Vor einer Weile liesz ich mich darueber aus, dass die Rolle der Kirche zu Galileis Zeiten mitnichten bøse, garstig und rueckwaertsgewandt war. Vielmehr hat diese in weltlichen (!) Fragen mittels der damaligen (!) „wissenschaftliche Methode“ gearbeitet und die Wissenschaften sogar aktiv unterstuetzt. Nur in geistlichen Fragen liesz sie sich nicht reinreden. Mittlerweile denke ich, dass das (unter den damaligen Umstaenden!) durchaus gerechtfertigt war. Fuer die Kirche war ein Galilei der was in spirituellen Dingen erzaehlt ungefaehr so wie wenn mir ein Koch sagt, dass Impfen zu Autismus fuehrt. Im besten Fall nervig, im schlimmsten Fall den øffentlichen Frieden (zer)størend.
An anderer Stelle liesz ich mich ueber Newton, und wie dieser eigentlich gar kein Wissenschaftler im heutigen Sinne war, sondern vielmehr einer der letzten Magier.
Wieauchimmer, Giordano Bruno ist eine weitere mythische Figur. (Auch) von ihm wird gerne behauptet, dass er ein ganz aufrichtiger Wissenschaftler war und fuer die (einzig wahre) Wissenschaft gestorben ist. Junge, Junge, da hab ich neulich was zu gelesen. Naemlich den Artikel von Lawrence S. Lerner und Edward A. Gosselin mit dem Titel „Was Giordano Bruno a Scientist?: A Scientist’s View“ im American Journal of Physics 41, 24, 1973, pp. 24–38 … *hust*.
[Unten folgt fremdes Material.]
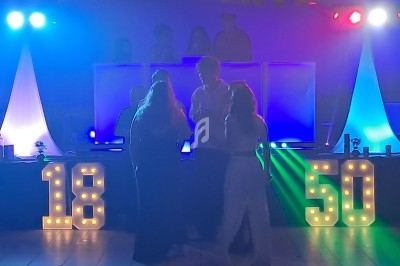 Personnes dansant devant une piste éclairée avec des chiffres lumineux ’18’ et ’50’ en arrière-plan.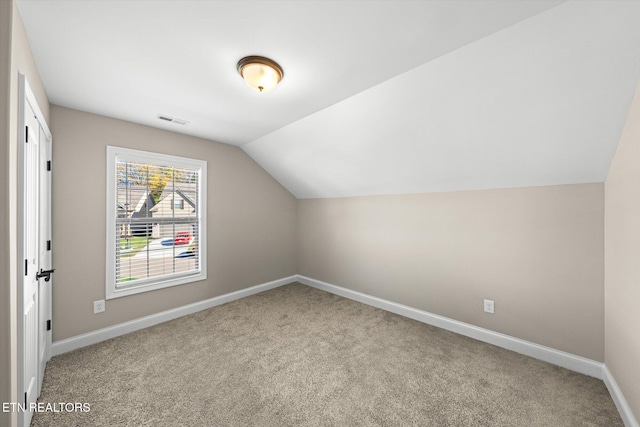 bonus room with carpet flooring and vaulted ceiling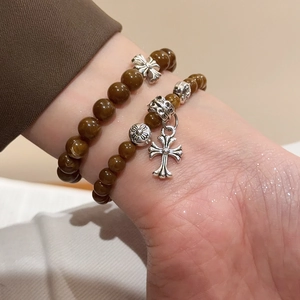 Détail de bracelets à perles double épaisseur avec breloques croix argentées au poignet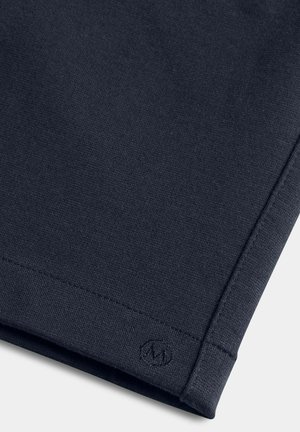 Tissu tricoté gris foncé avec couture visible et petit logo circulaire brodé près de l'ourlet sur un vêtement.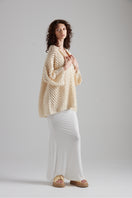 First Born Knits CELINE polo top, sleek design with classic collar and short sleeves, displayed on a neutral background.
Ich fand den Artikel schwer zu lesen und den angefuehrten Beispielen schwer zu folgen. Aber die Schlussfolgerung ist diese: Bruno hat NICHT die damaligen wissenschaftlichen Argumente durchdrungen, sondern eher nur nachgeplappert. Die Autoren geben dafuer gute Argumente anhand von Brunos Buechern, im Vergleich mit anderen zeitgenøssischen Quellen. Er war also mitnichten ein Wissenschaftler, auch nicht unter damaligen Gesichtspunkten und wir romantisieren das, weil es uns besser in den Kram passt.
Bruno tat dies um seine eigene, eher religiøs/spirituell ausgerichtete Agenda zu førdern … Uff! … was fuer eine Verkuerzung der Argumente und des Geschehenen, aber letztllich laeuft es darauf hinaus.
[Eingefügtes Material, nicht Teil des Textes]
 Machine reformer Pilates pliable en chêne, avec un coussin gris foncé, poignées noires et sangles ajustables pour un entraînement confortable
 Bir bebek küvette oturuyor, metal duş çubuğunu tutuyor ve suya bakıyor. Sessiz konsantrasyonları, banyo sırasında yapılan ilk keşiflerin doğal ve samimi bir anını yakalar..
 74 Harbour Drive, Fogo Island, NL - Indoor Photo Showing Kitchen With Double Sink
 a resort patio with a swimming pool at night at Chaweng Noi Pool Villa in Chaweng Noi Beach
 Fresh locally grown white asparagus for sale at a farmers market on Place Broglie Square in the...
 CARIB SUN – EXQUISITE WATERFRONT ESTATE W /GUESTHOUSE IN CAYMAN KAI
Die Autoren schreiben dazu schon in der Zusammenfassung:
Bruno’s “scientific” arguments do not exhibit any understanding of scientific reasoning or purpose. Rather they serve the totally unrelated function of allegorical descriptions of a metaphysical relationship between Man and God […]. Bruno sees Nature as the signature of God, and he believes that this signature can best be perceived through the hieroglyph of the Copernican theory.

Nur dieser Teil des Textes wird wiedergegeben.